• Data provided:
------------------------------
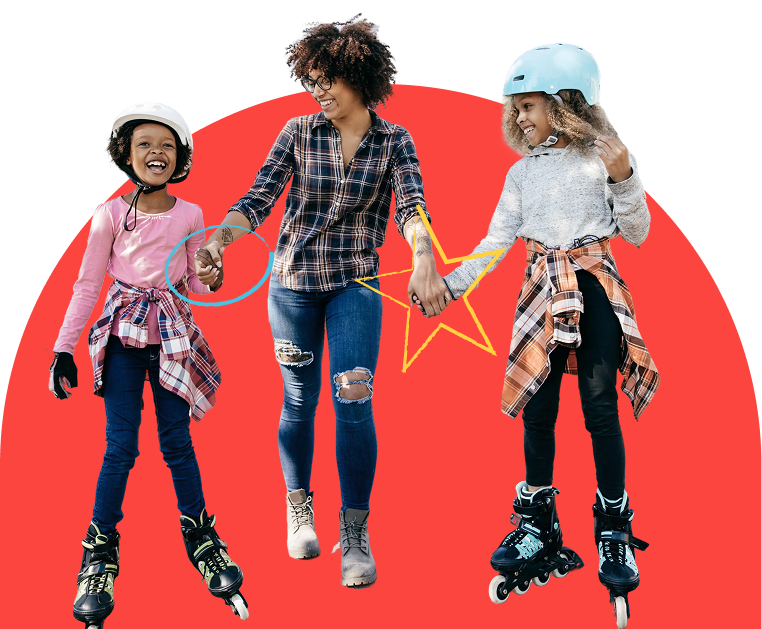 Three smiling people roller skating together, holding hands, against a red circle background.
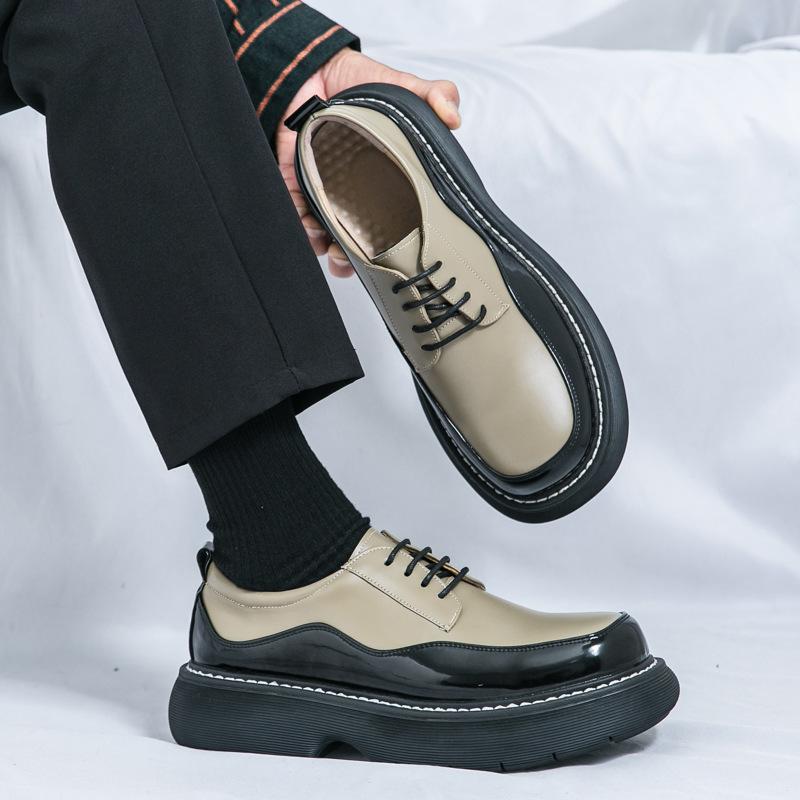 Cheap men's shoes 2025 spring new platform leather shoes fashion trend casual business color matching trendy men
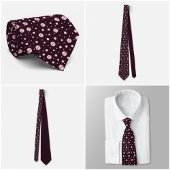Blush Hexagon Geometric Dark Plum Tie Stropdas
------------------------------
• Work item:
Print the material above exactly, skipping its images.

• Response to the task:
 Three smiling people roller skating together, holding hands, against a red circle background.
 Cheap men's shoes 2025 spring new platform leather shoes fashion trend casual business color matching trendy men
Blush Hexagon Geometric Dark Plum Tie Stropdas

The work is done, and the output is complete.